Sloepen, die zwaar tegen de zee op moeten werken, moeten hun olie-reservoir aan den boeg aanbrengen of zoo zij aan een drijfanker liggen, het hieraan bevestigen, echter zoo dat het gemakkelijk kan worden binnengehaald, wanneer het weder gevuld moet worden. Het volgende voorbeeld levert hiervoor een bewijs. Mr. Carmichael deelt het navolgende mede, omtrent het gebruik van olie in sloepen. Ik bevond mij aan boord der „Slivemore", op een reis van Shields naar Bombay. Ongeveer 800 zeemijlen ten NO. van de Seychellen ontstond er brand in het schip, zoodat wij het moesten verlaten. De bemanning begaf zich in de sloepen, om te kunnen landen op de Seychellen. Op den derden dag na het verlaten van het verbrande schip, werden wij overvallen door een cykloon; het was onmogelijk voor de sloepen om daaraan weêrstand te bieden. Alvorens het schip te verlaten, was echter de Kapitein zoo voorzichtig geweest, om de sloepen van olie te voorzien, ten einde die in voorkomende gevallen te kunnen gebruiken. Iedere sloep wierp nu een uit spieren en riemen samengesteld drijfanker uit, waarna de olie op de volgende wijze werd gebruikt. Een lange kous werd met in parafine gedoopt werk aan den boeg van de sloep opgehangen.
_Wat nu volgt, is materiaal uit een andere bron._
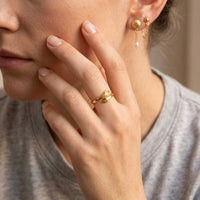 Anillo abrazo eterno dorado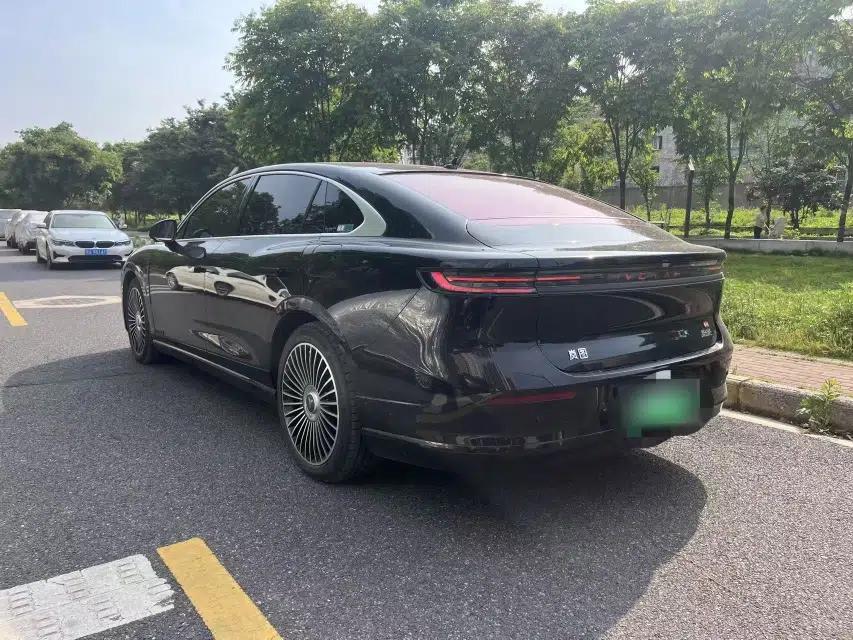 VOYAH Lantu Chiguang L 2026 Four-Wheel-Drive Ultra — миниатюра 7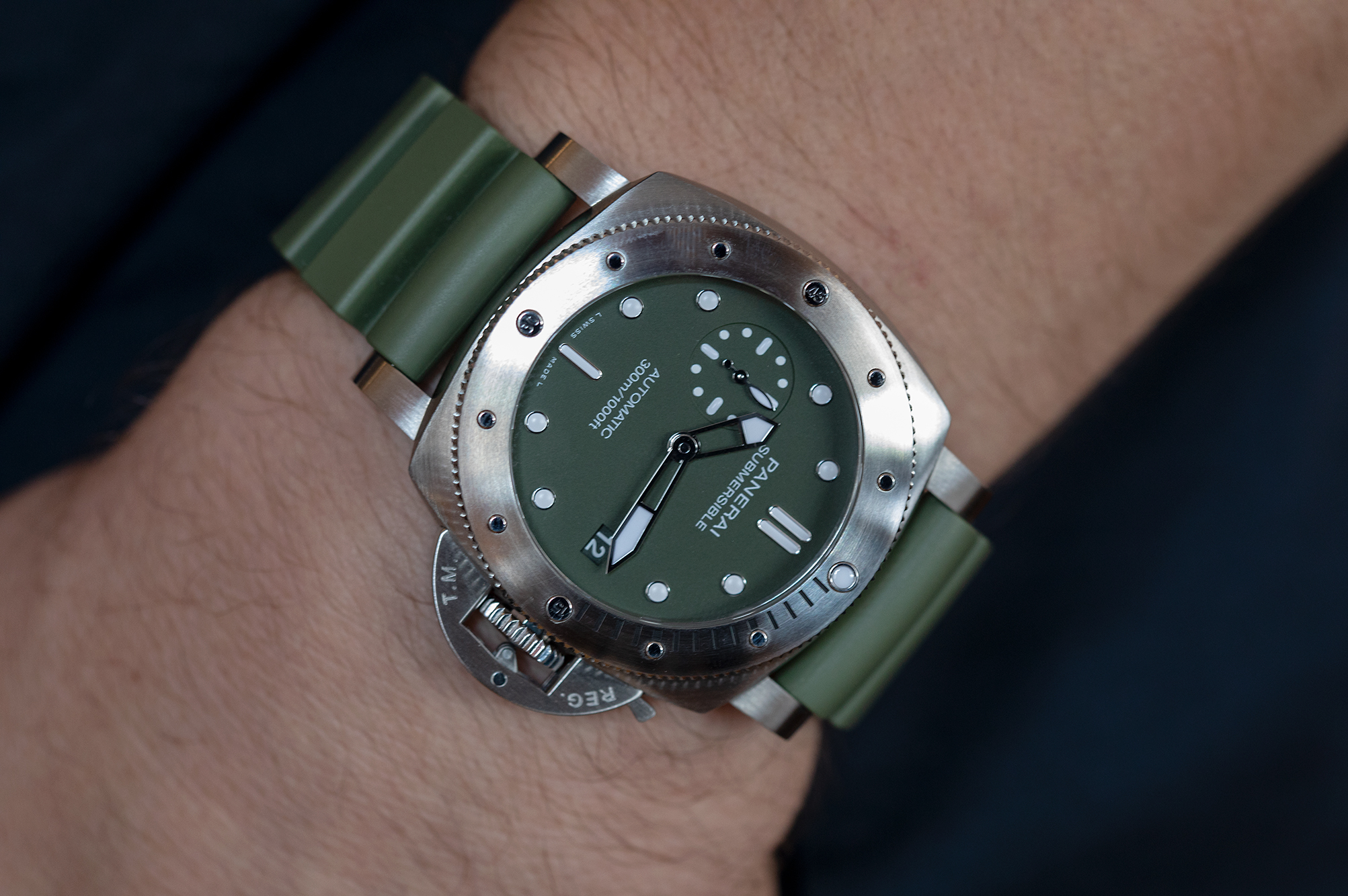 パネライ純正ラバーベルト　サブマーシブル47ミリ用　モスグリーン　未使用 パネライ純正ラバーベルト サブマーシブル47ミリ用 モスグリーン 未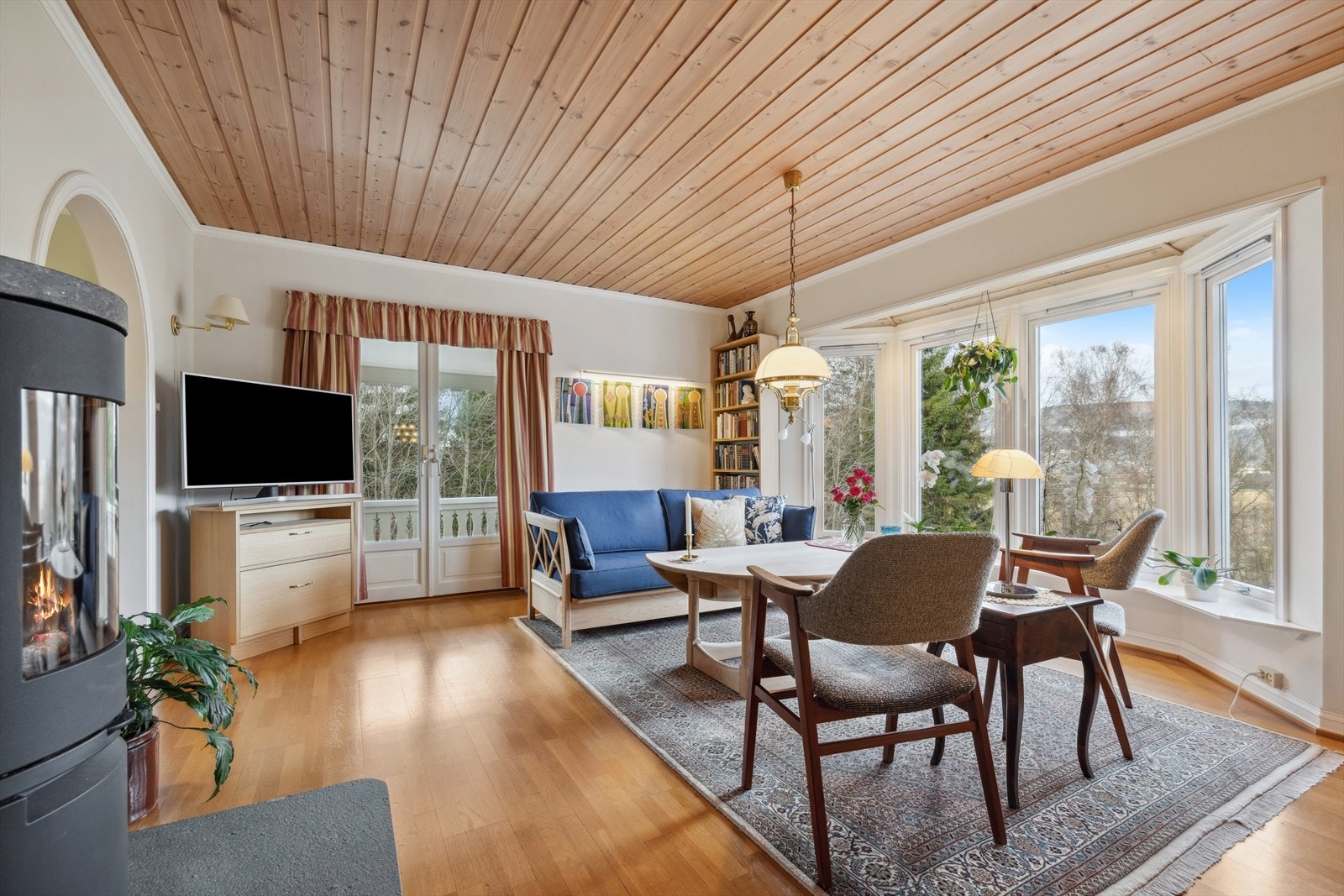 Lys og pen stue med store vindusflater som sørger for godt med lys og gir fin utsikt. Galleribilde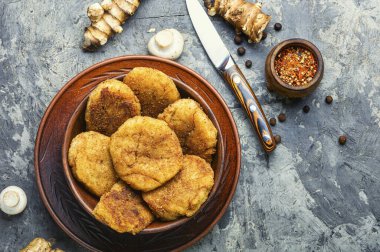 Kudüs enginarı ve mantarlı sağlıklı sebze pirzolası.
Van te voren was de sloep vol water geslagen, zoodat de bemanning voor haar leven begon te vreezen; nadat de olie werd gebruikt was daarvoor geen rede meer. Rondom de sloep vormde zich een volkomen gladde watervlakte, en de sloep dreef veilig op de deining, die de plaats der zware brekers vervangen had. De uitwerking was zoo groot, dat er weinig of geen water meer in de sloep kwam, en dat de opvarenden zich zelfs ter ruste begaven en slapen konden, in weerwil van de diepe belading van het vaartuig. Twee der sloepen bereikten genoemde eilanden, en zijn daar geland. Het schip werd gevoerd door Kapitein Conby; zonder diens voorzichtigheid en goede leiding, zouden passagiers en bemanning, ongetwijfeld omgekomen zijn."

Lenzende sloepen moeten het olie-vat bevestigen, aan ter

zijde en van

voren zich uitstekende spieren, of wanneer dit niet te doen is, ook aan den boeg der sloep.

Schepen, die ten anker liggen, moeten zoo veel mogelijk het olie-reservoir aan 't voorschip bevestigen, b.v. aan spieren die men daar expres heeft doen plaatsen, en mocht dit bezwaarlijk zijn, dan aan de ankerketting. In het laatste geval is het aan te bevelen, om door de ankerketting, of aan een daarop gemaakte inrichting, een end to scheeren, waarmede het olievat ingehaald en naar buiten gebracht kan worden. In vele gevallen zal men zich hiertoe ook kunnen bedienen van de ankerboei, of van een op het water drijvende boei, die met het anker kan worden verbonden, waardoor het olie-vat ook op grooteren afstand van het schip wordt geplaatst.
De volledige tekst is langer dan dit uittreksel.